When reaching the correct depth, the parachute opens, with a buoy on top of it, in the middle. The parachute catches the oil. It then floats back up, being held in shape by a buoy on top. Once it reaches the surface, the parachute can be closed as a bag, and pulled to anywhere wished, without a ship.

pashute, Jun 30 2010


       Ah - you mean a sort of "upside down" parachute?
MaxwellBuchanan, Jun 30 2010

       //this month// couple months now I think... but this is different in several respects. [+]
FlyingToaster, Jul 01 2010

       And what keeps the oil in the parachute?   

       Oil is lighter than water, and would tend to float up out of the 'chute.   

       I'd like this better if it was falling downward and carrying oil down.   

       Or is an oil net something that oil magically sticks to?
baconbrain, Jul 01 2010

       The chute is underwater. Think of an open plastic bag held under water with the opening on the bottom. The oil going up fills the bag, and water is pushed out, while the bag is pushed up. Not so hard to comprehend... No magic needed.   

       I've recently seen my municipality pour out a gigantic amount of water,after fixing a major pipe. I didn't have any pails available, but did have a large roll of thick and large plastic bags. I simply put them in the two available pails, tied them and finally filled my Berlingo with fresh water from the passenger seat to the back.   

       Then used two other pails to bring it all to our garden, it was enough for a week and a half (besides the recycled water from my home).
pashute, Jul 01 2010

       Okay, now I can read it as having the parachute drifting downward or staying still while in use. I first read it as working upside down, and still do not see what makes it go up and down when needed, or how a bouy on top make it hold its shape.   

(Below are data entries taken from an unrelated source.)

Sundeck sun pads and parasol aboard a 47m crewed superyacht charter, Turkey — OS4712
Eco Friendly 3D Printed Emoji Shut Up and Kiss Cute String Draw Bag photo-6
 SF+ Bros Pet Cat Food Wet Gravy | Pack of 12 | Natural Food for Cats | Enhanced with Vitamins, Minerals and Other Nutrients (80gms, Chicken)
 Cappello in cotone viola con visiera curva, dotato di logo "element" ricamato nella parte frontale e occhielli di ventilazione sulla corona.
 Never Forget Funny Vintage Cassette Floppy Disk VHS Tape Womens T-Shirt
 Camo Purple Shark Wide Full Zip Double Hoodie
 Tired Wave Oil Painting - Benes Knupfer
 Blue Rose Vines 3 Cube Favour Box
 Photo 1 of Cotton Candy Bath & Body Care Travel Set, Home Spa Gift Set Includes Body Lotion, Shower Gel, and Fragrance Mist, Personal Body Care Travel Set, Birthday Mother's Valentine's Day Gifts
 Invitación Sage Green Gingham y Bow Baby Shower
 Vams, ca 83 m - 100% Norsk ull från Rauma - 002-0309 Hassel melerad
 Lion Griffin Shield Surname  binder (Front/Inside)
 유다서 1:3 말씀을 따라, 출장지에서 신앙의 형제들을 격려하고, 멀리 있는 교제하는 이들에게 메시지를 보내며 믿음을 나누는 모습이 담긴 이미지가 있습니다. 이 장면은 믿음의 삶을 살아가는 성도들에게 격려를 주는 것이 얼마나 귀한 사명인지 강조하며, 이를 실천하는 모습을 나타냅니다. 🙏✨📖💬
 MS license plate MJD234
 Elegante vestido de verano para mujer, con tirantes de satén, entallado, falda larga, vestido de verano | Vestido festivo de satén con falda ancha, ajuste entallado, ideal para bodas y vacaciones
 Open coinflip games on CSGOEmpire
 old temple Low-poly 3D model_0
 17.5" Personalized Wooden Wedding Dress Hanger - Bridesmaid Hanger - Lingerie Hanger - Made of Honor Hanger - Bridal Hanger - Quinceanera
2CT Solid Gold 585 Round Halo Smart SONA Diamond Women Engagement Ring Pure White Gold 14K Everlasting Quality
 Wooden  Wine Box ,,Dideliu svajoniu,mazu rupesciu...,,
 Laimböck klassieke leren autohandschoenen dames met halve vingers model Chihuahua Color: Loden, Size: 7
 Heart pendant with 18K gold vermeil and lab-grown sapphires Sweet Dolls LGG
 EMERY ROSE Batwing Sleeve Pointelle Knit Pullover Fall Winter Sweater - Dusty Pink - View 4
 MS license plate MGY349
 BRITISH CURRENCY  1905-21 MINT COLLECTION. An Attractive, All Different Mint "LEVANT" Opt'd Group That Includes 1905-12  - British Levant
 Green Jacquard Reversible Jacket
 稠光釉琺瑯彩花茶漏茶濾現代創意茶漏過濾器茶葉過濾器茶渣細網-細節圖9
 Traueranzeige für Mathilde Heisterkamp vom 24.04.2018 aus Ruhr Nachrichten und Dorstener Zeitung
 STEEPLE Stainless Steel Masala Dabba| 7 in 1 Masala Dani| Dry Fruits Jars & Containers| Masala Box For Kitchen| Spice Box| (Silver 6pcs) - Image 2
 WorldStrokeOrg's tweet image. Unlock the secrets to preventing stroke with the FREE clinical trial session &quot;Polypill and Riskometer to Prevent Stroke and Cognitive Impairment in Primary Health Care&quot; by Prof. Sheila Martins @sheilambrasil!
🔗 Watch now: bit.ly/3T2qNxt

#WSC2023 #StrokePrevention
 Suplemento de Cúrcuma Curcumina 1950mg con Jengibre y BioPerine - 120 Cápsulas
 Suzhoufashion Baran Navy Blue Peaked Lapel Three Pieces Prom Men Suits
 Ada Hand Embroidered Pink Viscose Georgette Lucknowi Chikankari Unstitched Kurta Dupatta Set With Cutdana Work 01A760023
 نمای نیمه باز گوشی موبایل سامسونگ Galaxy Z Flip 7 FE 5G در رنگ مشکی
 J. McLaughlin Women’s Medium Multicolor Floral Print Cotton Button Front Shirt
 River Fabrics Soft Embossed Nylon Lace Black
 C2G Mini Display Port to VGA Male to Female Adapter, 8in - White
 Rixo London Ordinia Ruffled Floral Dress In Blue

       It is really just a big bag to catch oil underwater, isn't it? I'd call it a hot-air balloon shape, maybe.
baconbrain, Jul 01 2010

       An upside down garbage bag is more the description.   

       A hot air balloon shape is different in two ways: It's usually also open on the top (If I'm not mistaken), and it gets less wide (how do you say that in English) towards the bottom.